Eight student candidates who are running for various elected positions spoke about their campaign platforms and answered questions from the Wheel Endorsement Committee and other Emory students at this year’s Wheel Debates, hosted in White Hall on Feb. 24.

Candidates for Student Government Association (SGA) president and executive vice president, College Council (CC) president and vice president and Student Programming Council (SPC) president attended the event, which provided them the opportunity to address the Emory community before elections begin Friday, Feb. 26.

This year’s SGA presidential candidates, College junior Max Zoberman and Goizueta Business School sophomore Daniel Rodriguez, voiced shared interests in transparency and inclusion, as well as ambition, at the debate.

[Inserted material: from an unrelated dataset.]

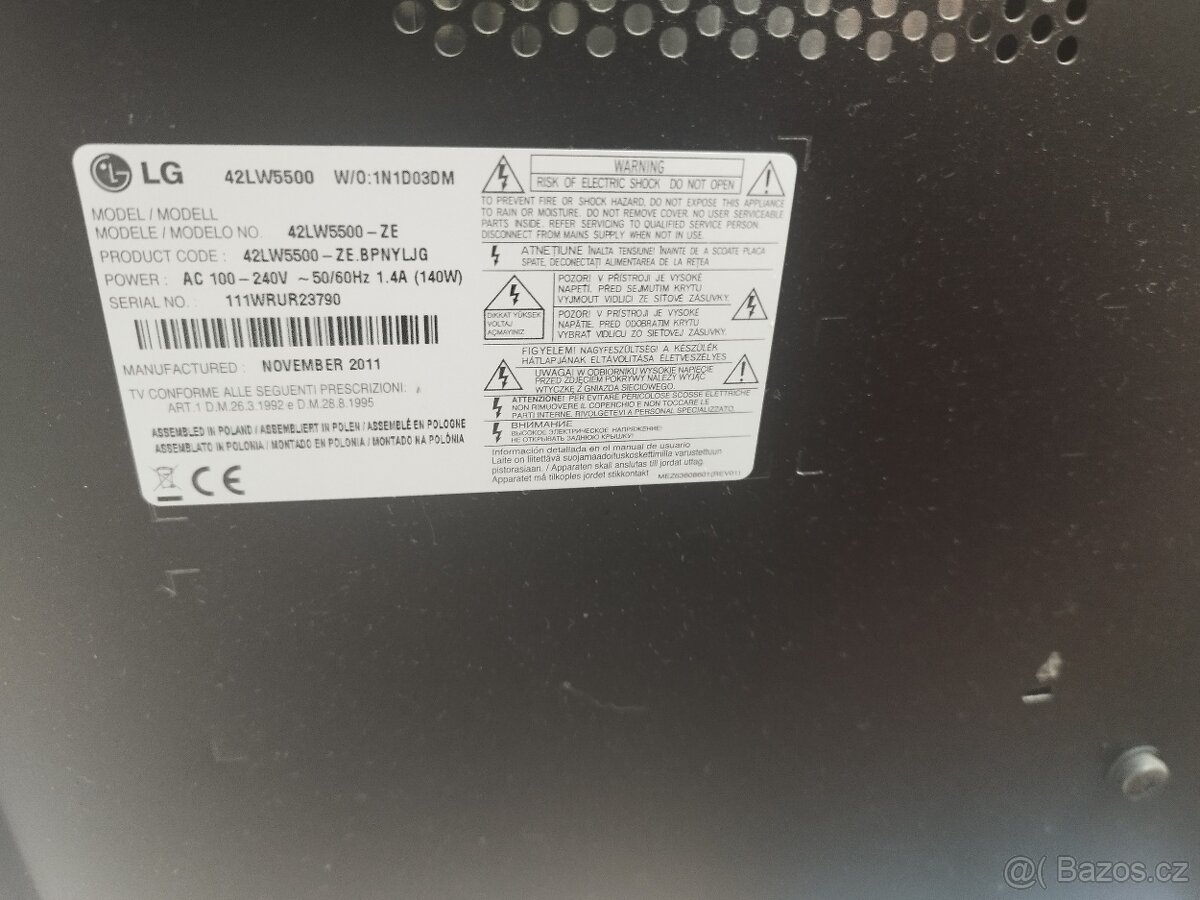 LG-SMART TV. CHYTRÁ TELEVIZE - 2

“I am asking for the opportunity to finish a lot of important work that has been in progress for a very long time,” Zoberman said, referring to his five-page platform consisting of 24 points. “I know that there are some things on [my platform] that seem farfetched, but [they] can [be] done,” he said.

Zoberman emphasized that his priorities among these platform points involve campus safety and the provision of psychological services for all students. He also said that he hopes to propel a fundamental change in the issues and efforts on which SGA focuses in order to support a more inclusive environment — for instance, if elected, he plans to work toward the creation of an SGA endowment. “What the student government needs to do is … say to student organizations, ‘Regardless of need, we support your efforts.’”

While Rodriguez was less specific in his goals concerning inclusivity, he said that he hopes to “improve the environment within this campus as a whole” through “remov[ing] the barriers that [minority] groups have created around themselves.” He said that he expects to see consistency in grievances from such minority groups as a result of this initiative, which he would address accordingly. Rodriguez said that he also hopes to increase transparency between SGA and the Emory community.

“I haven’t seen enough positive change with things like transparency,” he said, adding that as someone who identifies as Latino, he has felt like an outsider rather than an insider at times during his Emory career.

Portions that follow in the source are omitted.